> _TASK BRIEF_
Using the listing below, output only the lines from the one that contains "Sakura rama de" through the one that contains "Fleas on Cats and Humans", inclusive, exactly as given and without images.
┌────────
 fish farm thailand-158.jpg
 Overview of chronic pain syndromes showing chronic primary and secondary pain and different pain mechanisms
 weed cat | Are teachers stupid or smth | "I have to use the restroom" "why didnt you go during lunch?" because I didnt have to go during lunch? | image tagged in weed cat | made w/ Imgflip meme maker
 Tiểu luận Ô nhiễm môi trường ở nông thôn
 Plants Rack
└────────
┌────────
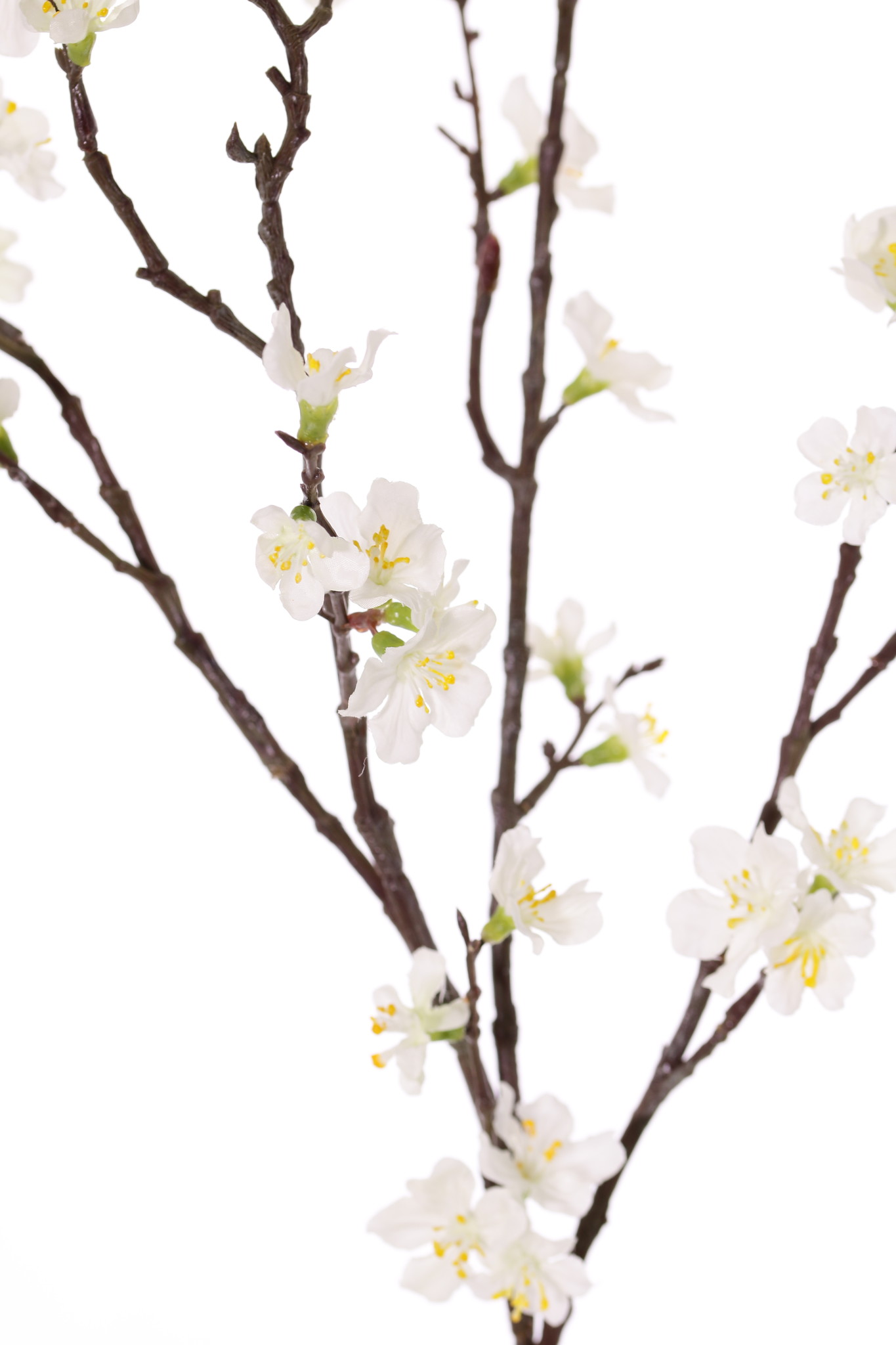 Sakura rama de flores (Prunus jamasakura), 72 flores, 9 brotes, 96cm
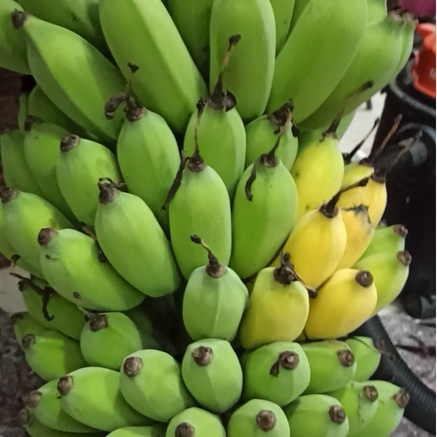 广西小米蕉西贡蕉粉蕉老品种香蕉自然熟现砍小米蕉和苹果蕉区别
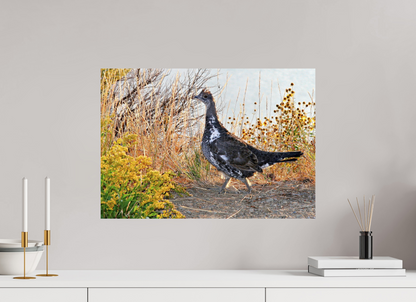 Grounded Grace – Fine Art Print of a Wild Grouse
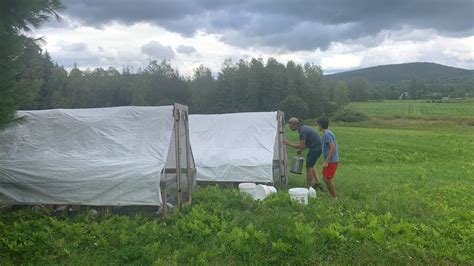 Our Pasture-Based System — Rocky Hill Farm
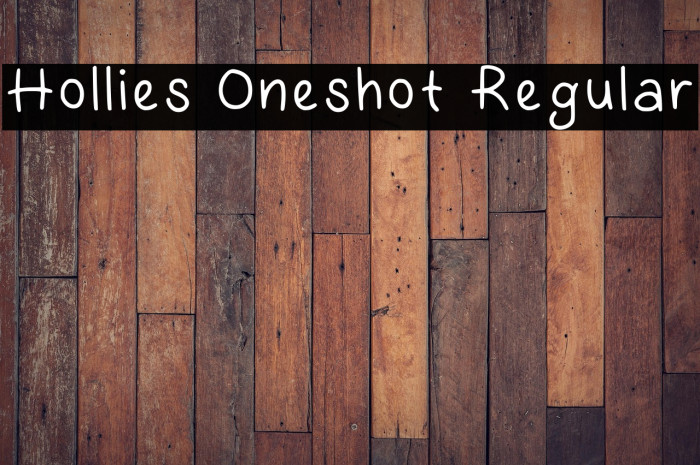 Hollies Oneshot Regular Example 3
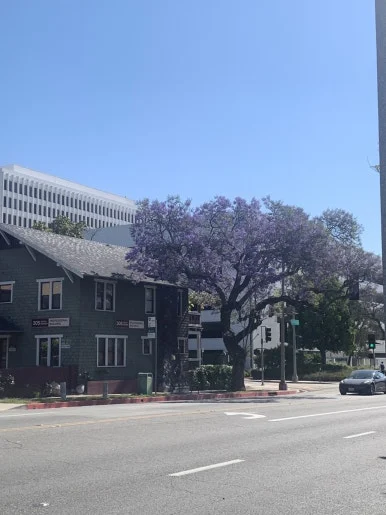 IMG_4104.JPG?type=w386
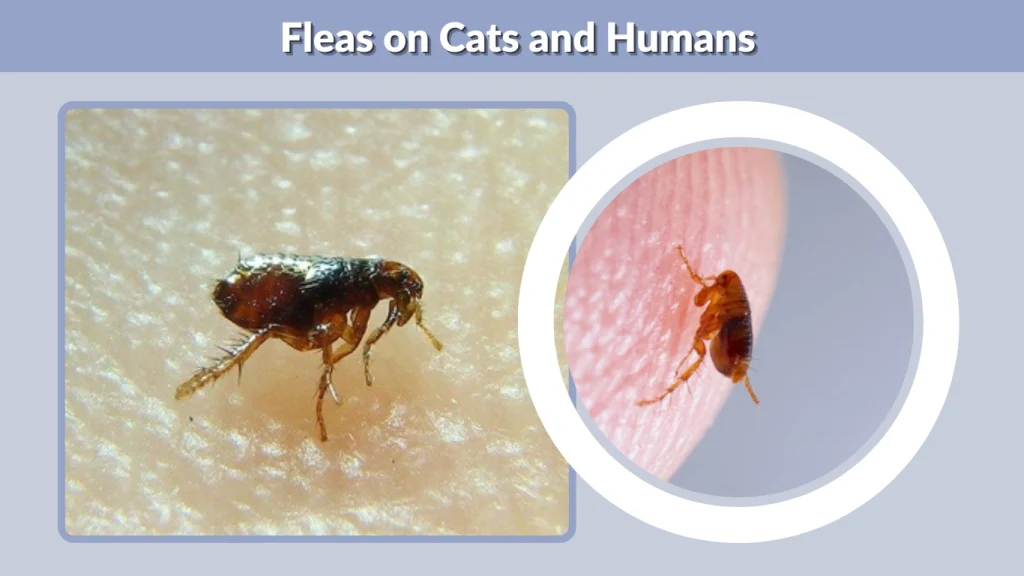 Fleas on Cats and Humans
└────────
┌────────
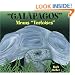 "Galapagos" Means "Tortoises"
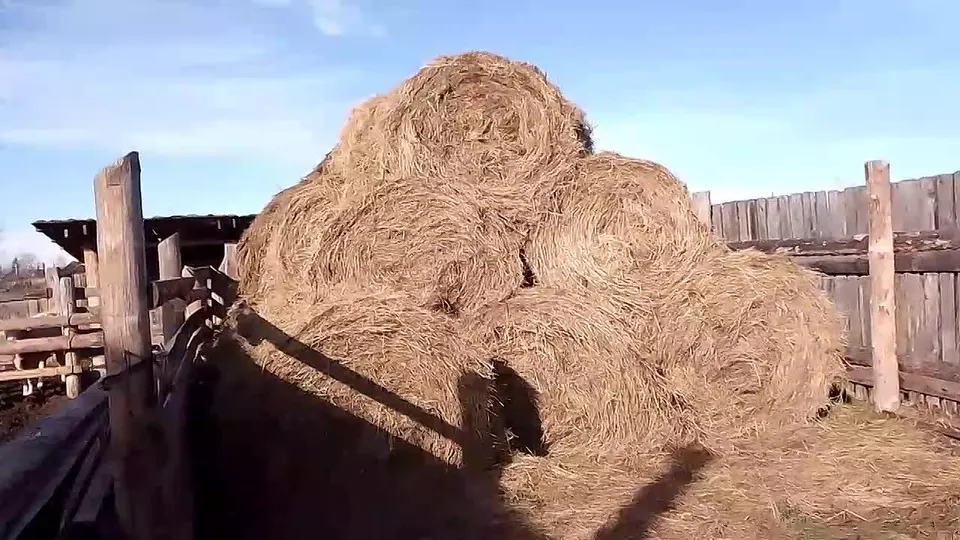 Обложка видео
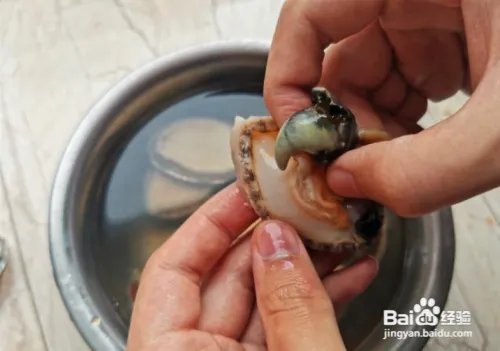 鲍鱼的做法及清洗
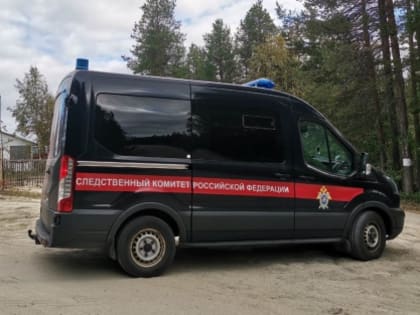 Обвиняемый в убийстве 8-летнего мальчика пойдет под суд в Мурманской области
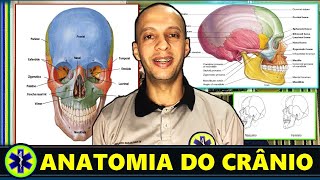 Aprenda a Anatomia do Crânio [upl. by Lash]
└────────
> _PROBLEM SOLUTION_
 Sakura rama de flores (Prunus jamasakura), 72 flores, 9 brotes, 96cm
 广西小米蕉西贡蕉粉蕉老品种香蕉自然熟现砍小米蕉和苹果蕉区别
 Grounded Grace – Fine Art Print of a Wild Grouse
 Our Pasture-Based System — Rocky Hill Farm
 Hollies Oneshot Regular Example 3
 IMG_4104.JPG?type=w386
 Fleas on Cats and Humans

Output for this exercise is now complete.